6 things Donald Trump definitely shouldn’t do while in South Korea
These are some of the potential pitfalls and faux pas which the US President should endeavour to avoid on his trip.
US President Donald Trump will visit South Korea as the next stop of his tour of Asia and, while he’s likely to be welcomed by officials, the mood on the ground isn’t necessarily one of unity.
Trump will arrive on November 7, and will hold a summit with South Korean President Moon Jae-in.
At the start of this month, some South Koreans protested outside the US embassy building in the capital, Seoul. They fear that Trump could bring war to their shores if conflicts between North Korea and the US escalate.
But even away from the heartland of his Maga (Make America Great Again) supporters, the president still has his backers. In a counter-protest, others saw Trump and the US as helping to protect South Korea from the nuclear threat of the North and leader Kim Jong Un.

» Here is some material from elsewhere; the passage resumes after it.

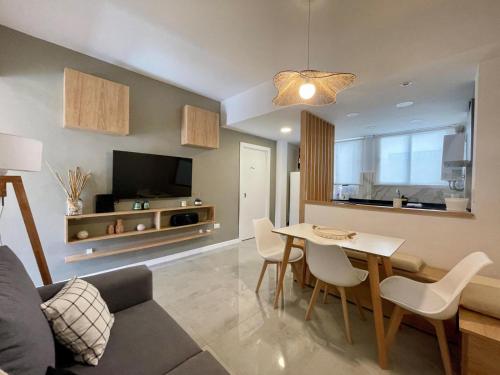 Depto Las Heras tucasaenmdp — 4-Star Luxury Hotel in Mar Del Plata, Argentina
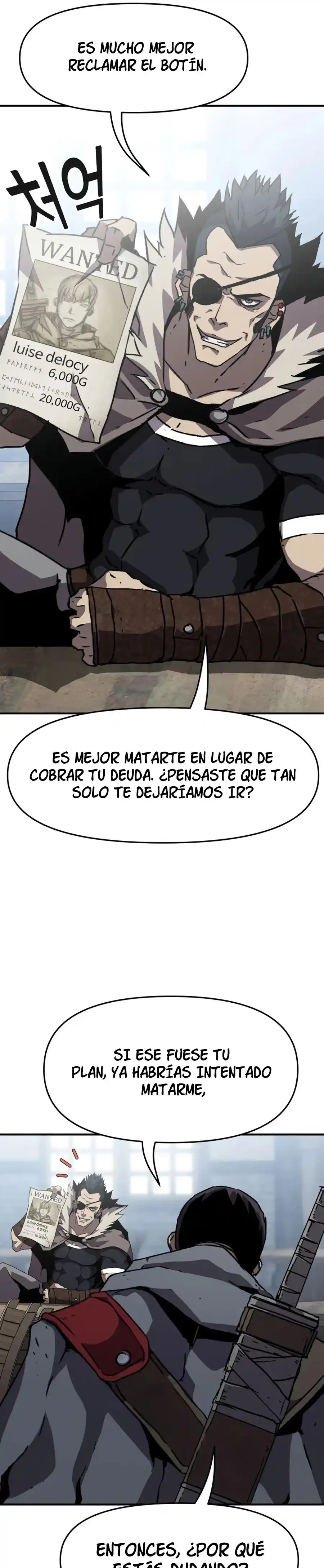 Me convertí en un caballero con limite de tiempo - Capítulo 15 - Página 14 - LectorTMOo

Against this backdrop, it would be very easy for Trump to mis-speak or mis-tweet and well and truly put his foot in it. Here are some known pitfalls he can avoid:
1. Don’t call the country “South Korea”
While we might know the area Trump and his cavalcade are visiting as South Korea, that’s not the country’s name.
Officially Trump is visiting the Republic of Korea and to the north lies the Democratic People’s Republic of Korea. It’s not one Trump will want to get wrong.
The White House had to issue an apology to China after it referred to “the Republic of China” following a visit from Chinese President Xi Jinping – actually the leader of the People’s Republic Of China.
In 2012, then UK prime minister David Cameron was forced to apologise during the Olympics after the flag of South Korea was displayed instead of the North Korean one ahead of a women’s football match.
2. Don’t suggest the country used to be part of China (again)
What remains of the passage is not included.